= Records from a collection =

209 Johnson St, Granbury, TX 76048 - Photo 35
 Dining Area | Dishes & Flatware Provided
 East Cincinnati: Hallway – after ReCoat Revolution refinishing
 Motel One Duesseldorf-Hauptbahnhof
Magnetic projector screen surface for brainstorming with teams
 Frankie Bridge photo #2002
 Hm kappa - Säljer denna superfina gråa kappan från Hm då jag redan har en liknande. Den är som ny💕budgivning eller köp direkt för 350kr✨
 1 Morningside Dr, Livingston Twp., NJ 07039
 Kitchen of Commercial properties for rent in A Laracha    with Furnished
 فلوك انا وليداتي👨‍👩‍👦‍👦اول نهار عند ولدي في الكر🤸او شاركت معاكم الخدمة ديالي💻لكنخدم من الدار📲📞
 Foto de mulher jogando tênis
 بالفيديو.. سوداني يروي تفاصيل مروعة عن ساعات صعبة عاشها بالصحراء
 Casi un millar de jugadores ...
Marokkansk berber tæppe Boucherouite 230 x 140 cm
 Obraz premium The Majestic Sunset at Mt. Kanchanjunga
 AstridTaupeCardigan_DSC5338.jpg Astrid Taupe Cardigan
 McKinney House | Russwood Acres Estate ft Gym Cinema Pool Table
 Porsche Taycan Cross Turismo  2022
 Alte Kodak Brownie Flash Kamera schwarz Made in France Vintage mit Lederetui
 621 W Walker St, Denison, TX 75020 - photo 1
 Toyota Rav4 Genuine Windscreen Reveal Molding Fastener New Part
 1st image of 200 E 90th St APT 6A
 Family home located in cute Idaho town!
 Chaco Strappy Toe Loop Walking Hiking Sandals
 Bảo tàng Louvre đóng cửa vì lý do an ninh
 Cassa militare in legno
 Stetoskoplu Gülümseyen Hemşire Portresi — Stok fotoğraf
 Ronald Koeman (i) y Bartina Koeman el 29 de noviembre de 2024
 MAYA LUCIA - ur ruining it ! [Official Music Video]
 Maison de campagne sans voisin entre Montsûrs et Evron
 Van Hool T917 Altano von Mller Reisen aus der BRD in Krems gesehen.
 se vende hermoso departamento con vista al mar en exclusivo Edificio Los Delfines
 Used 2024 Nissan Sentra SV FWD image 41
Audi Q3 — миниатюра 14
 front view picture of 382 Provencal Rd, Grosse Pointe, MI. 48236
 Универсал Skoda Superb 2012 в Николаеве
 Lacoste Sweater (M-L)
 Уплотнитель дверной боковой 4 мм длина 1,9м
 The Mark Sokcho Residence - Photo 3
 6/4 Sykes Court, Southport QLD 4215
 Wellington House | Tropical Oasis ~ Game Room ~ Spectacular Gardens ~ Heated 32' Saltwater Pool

= What needs to be done =
An exact copy of the lines above, from the one containing "Frankie Bridge photo #2002" down to the one containing "front view picture" and including both, is the whole answer; retype it and nothing else.

= Problem solution =
 Frankie Bridge photo #2002
 Hm kappa - Säljer denna superfina gråa kappan från Hm då jag redan har en liknande. Den är som ny💕budgivning eller köp direkt för 350kr✨
 1 Morningside Dr, Livingston Twp., NJ 07039
 Kitchen of Commercial properties for rent in A Laracha    with Furnished
 فلوك انا وليداتي👨‍👩‍👦‍👦اول نهار عند ولدي في الكر🤸او شاركت معاكم الخدمة ديالي💻لكنخدم من الدار📲📞
 Foto de mulher jogando tênis
 بالفيديو.. سوداني يروي تفاصيل مروعة عن ساعات صعبة عاشها بالصحراء
 Casi un millar de jugadores ...
Marokkansk berber tæppe Boucherouite 230 x 140 cm
 Obraz premium The Majestic Sunset at Mt. Kanchanjunga
 AstridTaupeCardigan_DSC5338.jpg Astrid Taupe Cardigan
 McKinney House | Russwood Acres Estate ft Gym Cinema Pool Table
 Porsche Taycan Cross Turismo  2022
 Alte Kodak Brownie Flash Kamera schwarz Made in France Vintage mit Lederetui
 621 W Walker St, Denison, TX 75020 - photo 1
 Toyota Rav4 Genuine Windscreen Reveal Molding Fastener New Part
 1st image of 200 E 90th St APT 6A
 Family home located in cute Idaho town!
 Chaco Strappy Toe Loop Walking Hiking Sandals
 Bảo tàng Louvre đóng cửa vì lý do an ninh
 Cassa militare in legno
 Stetoskoplu Gülümseyen Hemşire Portresi — Stok fotoğraf
 Ronald Koeman (i) y Bartina Koeman el 29 de noviembre de 2024
 MAYA LUCIA - ur ruining it ! [Official Music Video]
 Maison de campagne sans voisin entre Montsûrs et Evron
 Van Hool T917 Altano von Mller Reisen aus der BRD in Krems gesehen.
 se vende hermoso departamento con vista al mar en exclusivo Edificio Los Delfines
 Used 2024 Nissan Sentra SV FWD image 41
Audi Q3 — миниатюра 14
 front view picture of 382 Provencal Rd, Grosse Pointe, MI. 48236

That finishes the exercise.